一次選考では71作を通過し、その中から14作品が二次選考を通過しました。
そして三次選考を経て最終候補4作品を決定、下記の作品が新人賞の受賞となりました!

新人賞:『Bとの邂逅』宮本志朋
特別賞:『シガーベール』北原一
奨励賞:『隠れ町飛脚・三十日屋余話』鷹山悠

ポプラ社の大会議室で某日行われた選考会には、最終選考に携わるメンバーが集いました。

その数17人。
内訳はこうです。
社長・編集部メンバー(8人)・営業部メンバー(5人)・宣伝部メンバー(3人)

ポプラ社小説新人賞の特徴は、選考を全て社内で行うということ。
編集者だけでなく、営業や宣伝など、本づくりにかかわるメンバー全員が最終選考では参加しています。
それによって幅広い意見交換ができるだけでなく、社を挙げてポプラ社デビューの作家さんを応援しようという意識を、全員で共有するためです。

このメンバーで熱い熱い最終選考会を行いました。

新人賞の選考会って、どんなことを話し合っているの?
と気になっている人も多いと思います。


……

と、いうわけで今回は特別に、第9回小説新人賞最終選考会の模様をお送りいたします!


最終候補作の決定

まず、最終選考で議論される「最終候補作」ですが、編集部での三次選考を経て決定します。
候補作の数は決まっておらず、最終候補にふさわしい、と思った作品はすべてあげる方針ですが、なぜか例年4~6本くらいになることが多いです。

今年の最終候補作はこの4本でした。

『Bとの邂逅』宮本志朋
子どもの頃から「普通じゃない」と言われてきた高校生の広一は、担任の美術教師の二木の「秘密」を知っている。万引きが見つかった際、親の代わりに二木を呼んだことがきっかけで、二木の秘密を黙認する代わりに、広一は、自ら書いた小説の感想をもらうことになる。
『シガーベール』北原一
高校2年の夕作まことは、顔の痣を化粧で隠し、人との交流を避けている。ある日、早朝の新聞配達のアルバイトの帰りに、クラスメイトの槙野志帆が公園で煙草を吸っているのを目撃する。後日、槙野にファンデーションを持っていることを知られた夕作は、槙野と少しずつやりとりするようになるのだが……。
『カンブリアのさなぎ』仲田鏡未
お盆を大叔母・凌子の田舎で過ごすことになった泉水。
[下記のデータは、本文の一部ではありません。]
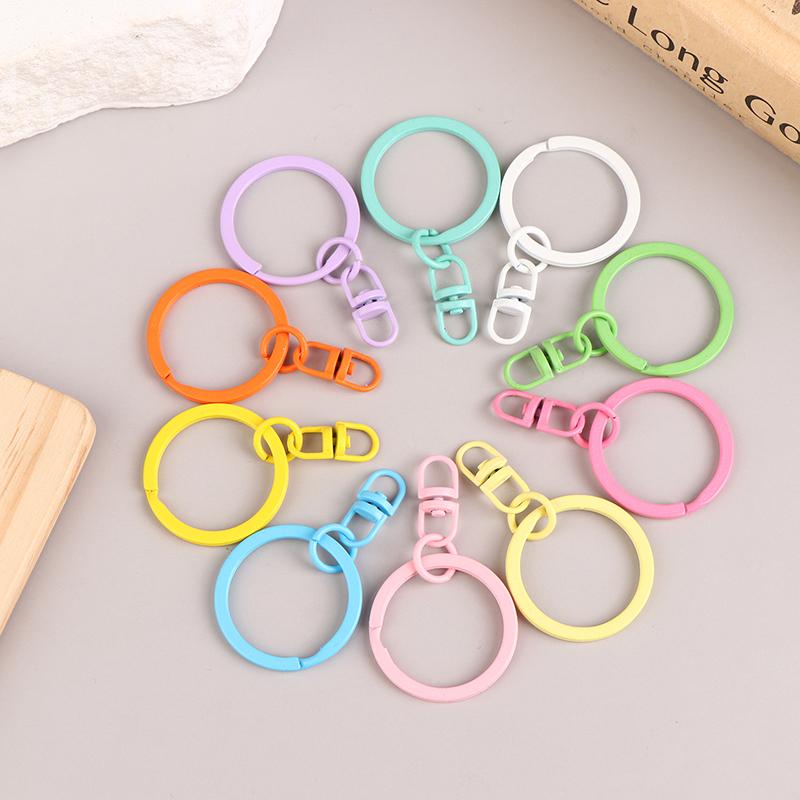 10 шт. 30 мм цветной металлический брелок с соединительными кольцами для самостоятельного изготовления ювелирных изделий брелок для ключей крючки для сумок пряжки аксессуары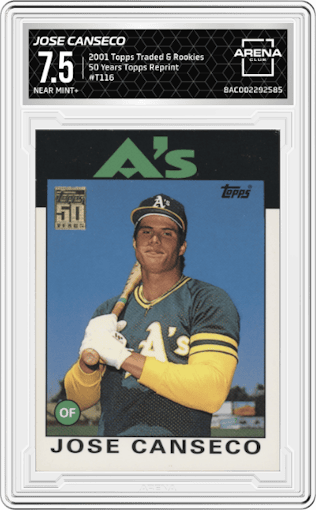 Jose Canseco from the 2001 Topps Traded & Rookies set graded by Arena Club and given an overall grade of 7.5.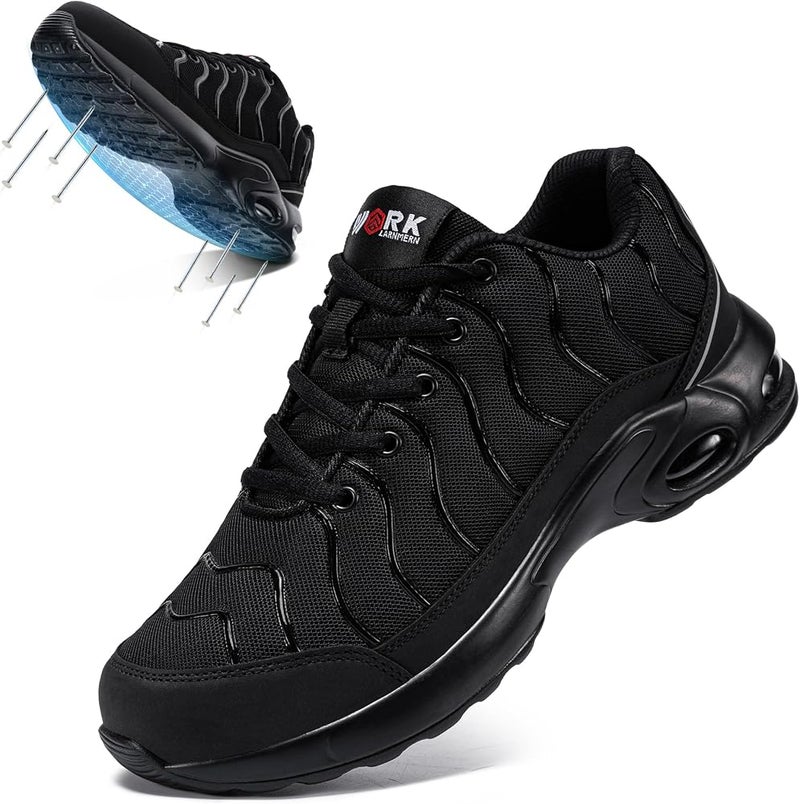 LARNMERN Puncture Proof Cushioned Steel Toe Shoes for Men, Dark, 17 Women/15 Men - Image 1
凌子の孫の滄、凌子の田んぼを耕している泰斗らとの交流の中で、泉水は自分を見つめなおしていく。
『隠れ町飛脚・三十日屋余話』鷹山悠
事故で息子を失った静は、手習いの手伝いの傍ら、隠れ町飛脚「三十日屋(みそかや)」を営んでいる。通常の飛脚では請け負わない「曰くつき」の仕事を行う店には、さまざまな事情を持つ依頼人が訪れる。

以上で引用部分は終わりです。